Accelerators select promising startups with an MVP and offer specific programming that allows startups to achieve in months what would have otherwise taken them years.
Today’s technology landscape is perfect for the emergence of new business ideas. Globalization, the deepening of the digital world and disruptive technologies provide solid ground to foster entrepreneurship. Today, new projects and ideas have access to a wide range of tools and platforms to help them go through the early stages of their project and find their place in the market.
In this interconnected context, both incubators and accelerators form part of the toolkit available for projects to scale. Undoubtedly, these are two of the most important growth platforms for startups, and as such, they are competitive.
Both accelerators and incubators are important epicenters of innovation and investment, however, they are designed to meet different needs of the startups they support. For this reason, the decision to join one or another must be correctly aligned with the stage of the company. Choosing incorrectly could be counterproductive for the startup and end up in a waste of time and/or money.
As such, it is necessary for the startup founders to be clear about what their main objective is of each:
What is an accelerator?
Accelerators main objective is to push early stage companies and startups through accelerated growth in just a few months. To do this, accelerators select startups with high potential and put them through an intensive mentorship and business program. Business accelerators are specially designed for projects with a “MVP” (Minimal Viable Product). Their objective is to push growth onto the business model and boost it within a fixed time. Rather than developing it from the ground up.
How does an accelerator work?
In a nutshell, accelerators invest in developing startups with a strong business plan or product-market fit and offer them an acceleration program with expert advisors and specialized mentors that help them achieve results in a short space of time.
Often accelerators take equity in the companies they work with in exchange of the acceleration programme offered. However, there are nonprofit accelerators, such as FAROL.

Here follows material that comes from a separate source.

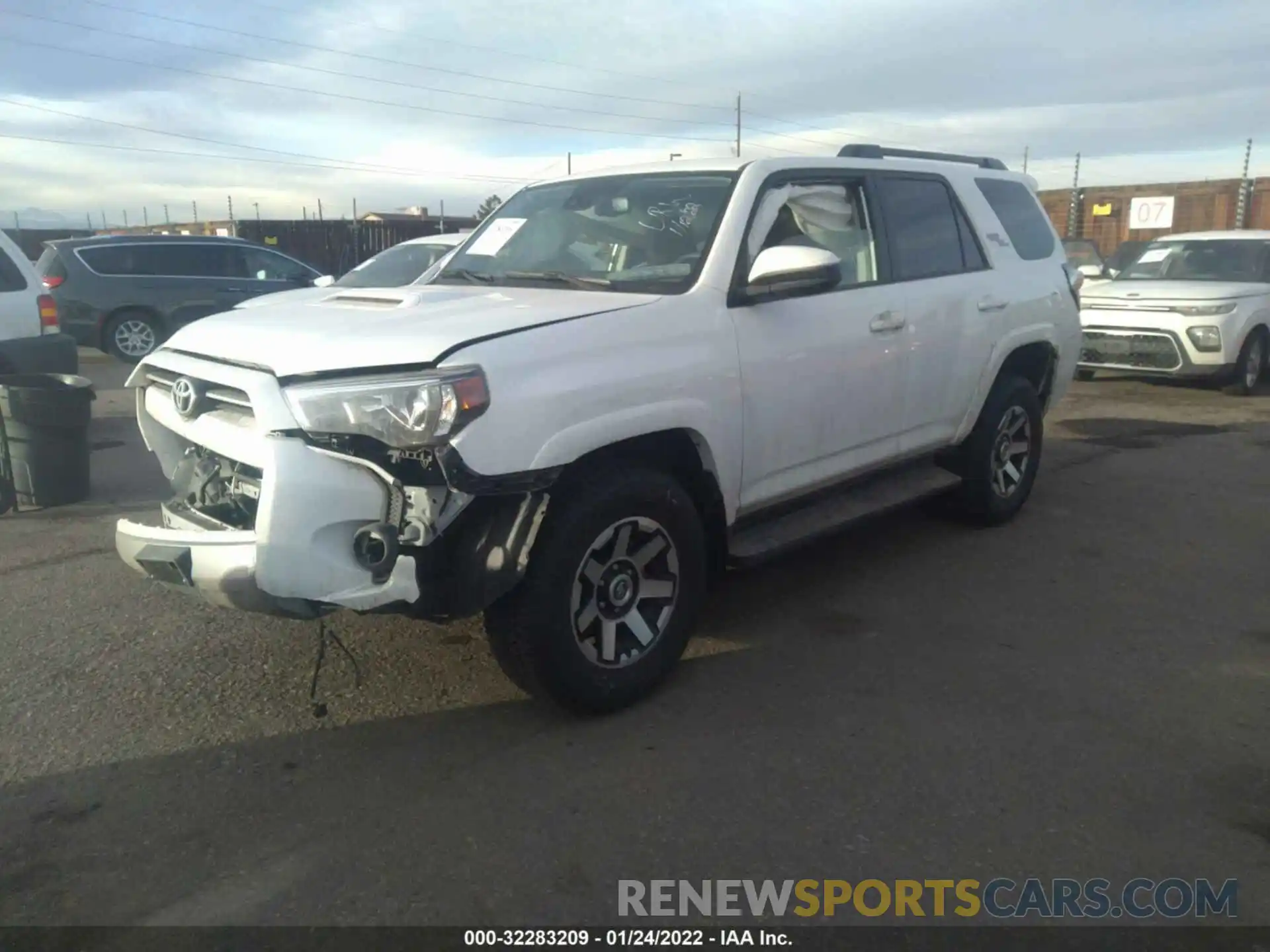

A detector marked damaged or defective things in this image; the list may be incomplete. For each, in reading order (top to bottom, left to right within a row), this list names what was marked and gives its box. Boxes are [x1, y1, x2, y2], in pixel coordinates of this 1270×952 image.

exposed headlight assembly [1173, 303, 1234, 318]
exposed headlight assembly [286, 368, 487, 452]
damaged front bumper [118, 355, 551, 621]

Benefits of accelerator programs:
- Accelerators offer access to one-of-a-kind mentors and experts in charge of advising and supporting the companies throughout their growing process. It is with their help and expertise that the activities that drive the companies over the months are developed.

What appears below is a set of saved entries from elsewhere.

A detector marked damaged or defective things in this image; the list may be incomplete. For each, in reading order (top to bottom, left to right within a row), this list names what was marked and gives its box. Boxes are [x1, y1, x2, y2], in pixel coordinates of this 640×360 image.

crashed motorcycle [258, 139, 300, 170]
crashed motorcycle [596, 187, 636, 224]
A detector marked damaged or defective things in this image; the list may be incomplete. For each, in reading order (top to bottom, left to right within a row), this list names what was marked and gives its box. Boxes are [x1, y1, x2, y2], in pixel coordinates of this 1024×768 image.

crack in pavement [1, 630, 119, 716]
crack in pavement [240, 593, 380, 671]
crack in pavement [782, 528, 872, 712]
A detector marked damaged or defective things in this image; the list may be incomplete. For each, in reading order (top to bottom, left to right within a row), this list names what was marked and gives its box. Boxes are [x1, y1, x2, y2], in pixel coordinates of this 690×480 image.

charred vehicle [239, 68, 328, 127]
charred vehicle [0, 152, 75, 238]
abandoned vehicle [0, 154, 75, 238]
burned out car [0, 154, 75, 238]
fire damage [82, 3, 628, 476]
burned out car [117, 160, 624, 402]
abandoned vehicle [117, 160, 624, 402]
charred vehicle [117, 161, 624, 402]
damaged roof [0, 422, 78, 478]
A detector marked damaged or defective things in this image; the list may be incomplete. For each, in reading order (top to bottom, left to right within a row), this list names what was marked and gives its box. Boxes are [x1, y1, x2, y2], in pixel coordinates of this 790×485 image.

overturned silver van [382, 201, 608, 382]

- Accelerators offer a model that promotes rapid growth. One of the main characteristics of accelerator programs are the fixed times of their plans. Their model is designed to boost startups through the initial phases of their project within a short timeframe.
- Accelerators are designed to be innovation hubs. Therefore, within their programs there are always great networking opportunities for stakeholders in the technology sector or specific industry (if applicable). Regardless of whether the accelerator plan works with a specific topic, in general, they create a startup environment of mutual and collaborative growth for the chosen projects.

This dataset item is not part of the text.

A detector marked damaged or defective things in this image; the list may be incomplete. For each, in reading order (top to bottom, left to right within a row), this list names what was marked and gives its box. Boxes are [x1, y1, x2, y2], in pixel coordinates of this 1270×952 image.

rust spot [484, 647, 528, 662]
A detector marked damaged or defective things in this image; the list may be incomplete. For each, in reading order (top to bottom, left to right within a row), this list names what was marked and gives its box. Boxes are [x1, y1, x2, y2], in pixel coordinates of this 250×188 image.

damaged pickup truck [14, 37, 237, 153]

Differences between accelerators and incubators
Accelerators and incubators are programs designed to respond to different stages of a startup. While incubators are rightly there to “incubate” ideas and help them rise, accelerators are there to push an idea that already has a business plan and grow rapidly within a short time.
For this reason, incubators programs usually take around 2 years and divide the incubation process into 3 different phases:
- Pre-incubation: Development of the business plan from which the idea transforms into an enterprise.
- Incubation: Development of the company through the business plan and orientation of the essential tasks for the operation of the startup.
- Post-incubation: Monitor the evolution of the project and analyze growth expectations.
Business accelerators last between 3 and 6 months and are focused on the quick growth of already established business ideas. For this purpose, they usually culminate in a demo day or pitch day, where startups demonstrate their potential to an audience of media and investors.
Incubators on the other hand exist to support startup founders in the early stages of their idea. Their programs are designed to refine business plans and build a profitable company around it. To this end, incubators often have a wide funding network that supports early-stage companies.
An incubation and acceleration center
In recent years, Portugal has positioned itself as a center of innovation and technological development for Europe and the world. With the arrival of the largest technology convention, Web Summit, and the opening of multiple technology centers, such as those of BMW, Portugal is strengthening its position as a pivot country for innovation and entrepreneurship. Which, of course, is the perfect cradle for the emergence of multiple incubators and accelerators.
With the Portuguese government’s funding and support FAROL was created, a unique accelerator that combines the acceleration of emerging startups with Human Rights.FAROL has adopted a pioneering approach that will position Portugal as a benchmark in the fight against Slavery through technology. This non-profit accelerator has a 6-month program that brings together and impulses different technological projects with the potential to fight modern-day slavery. The admission process has a deadline of August 31st until when startups will be able to apply.